**GIVEN INFORMATION:**
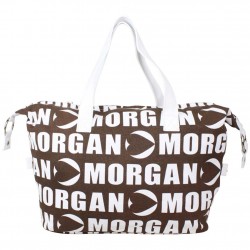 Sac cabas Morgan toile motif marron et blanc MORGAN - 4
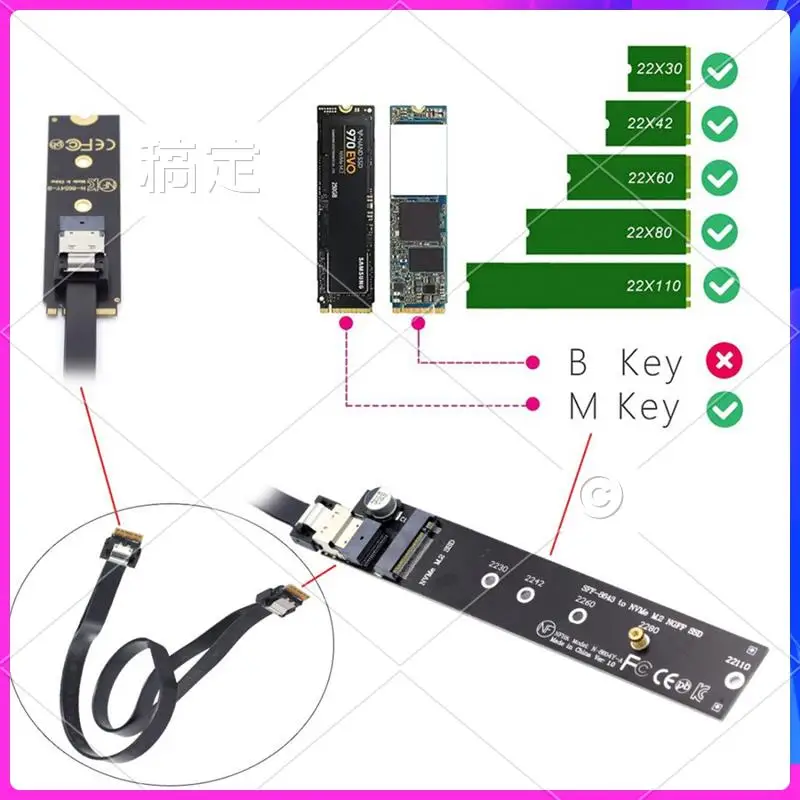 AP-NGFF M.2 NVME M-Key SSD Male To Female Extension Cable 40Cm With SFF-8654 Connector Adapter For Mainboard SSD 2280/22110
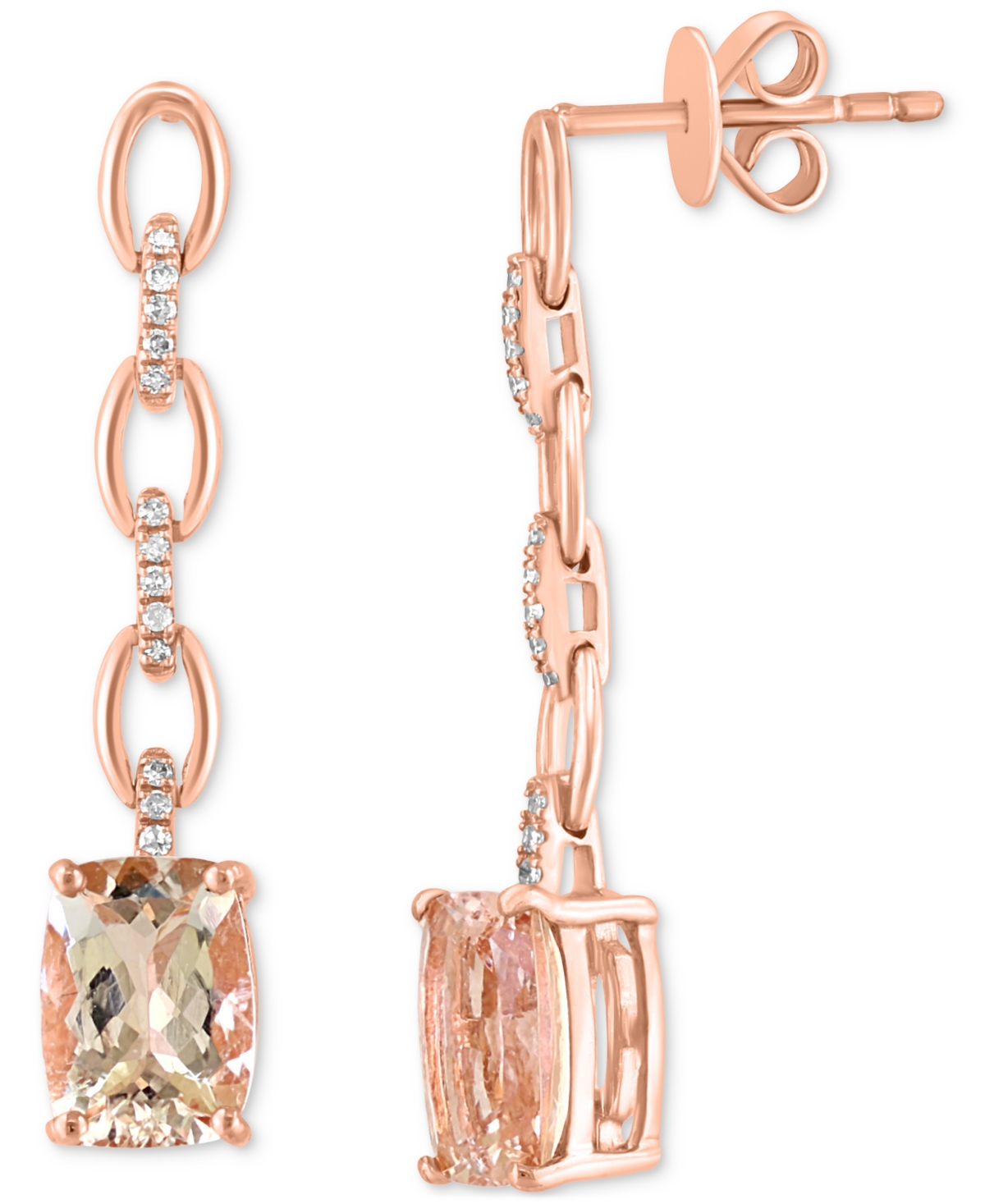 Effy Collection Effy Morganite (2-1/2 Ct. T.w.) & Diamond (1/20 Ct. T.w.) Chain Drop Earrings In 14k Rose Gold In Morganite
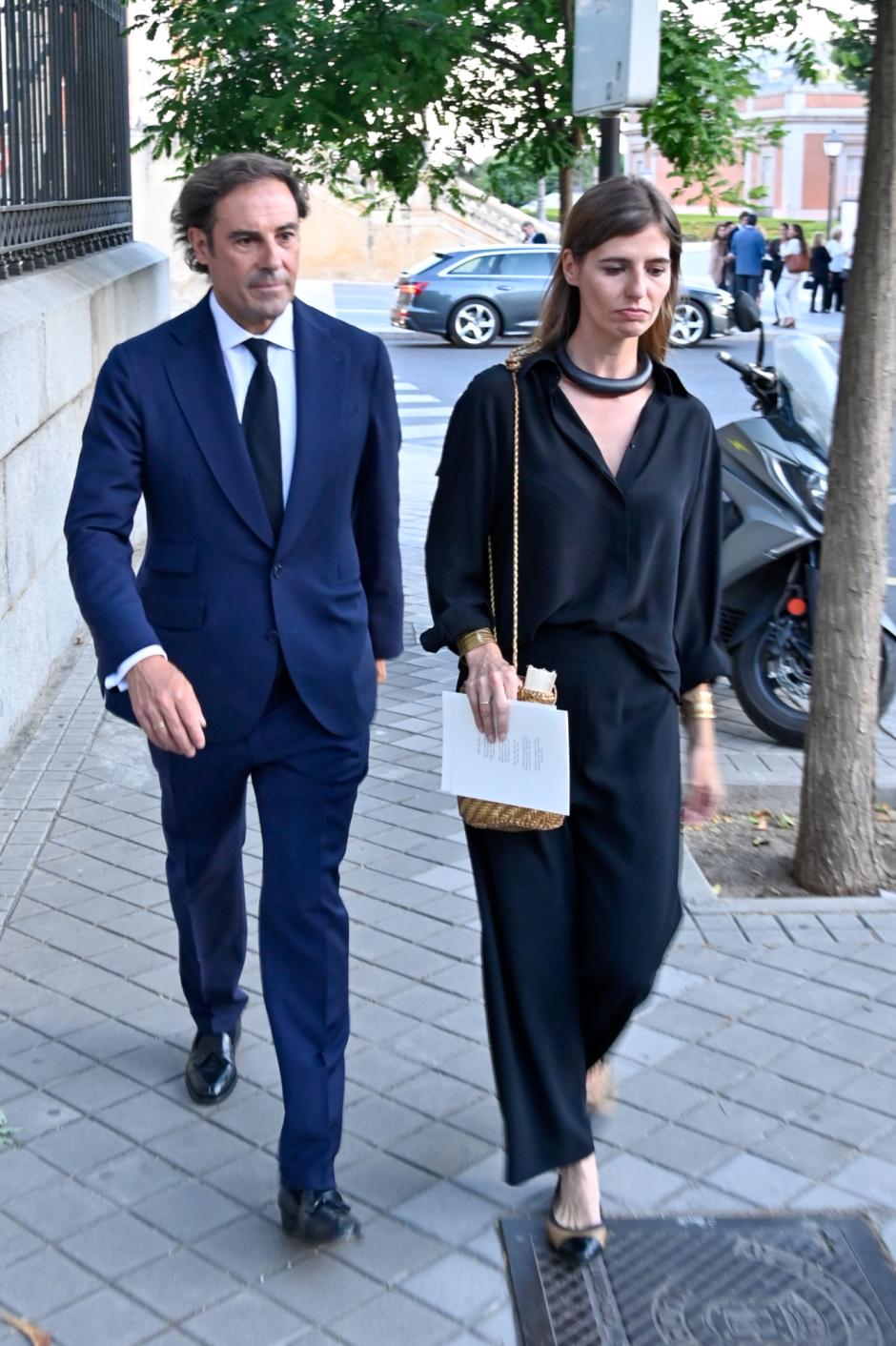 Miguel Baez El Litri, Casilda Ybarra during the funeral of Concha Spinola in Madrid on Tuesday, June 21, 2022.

**WORK TASK:**
Could you transcribe exactly the lines from the one with "Effy Collection Effy" through the end of the data, both ends included, and nothing else, skipping the pictures?

**TASK RESPONSE:**
 Effy Collection Effy Morganite (2-1/2 Ct. T.w.) & Diamond (1/20 Ct. T.w.) Chain Drop Earrings In 14k Rose Gold In Morganite
 Miguel Baez El Litri, Casilda Ybarra during the funeral of Concha Spinola in Madrid on Tuesday, June 21, 2022.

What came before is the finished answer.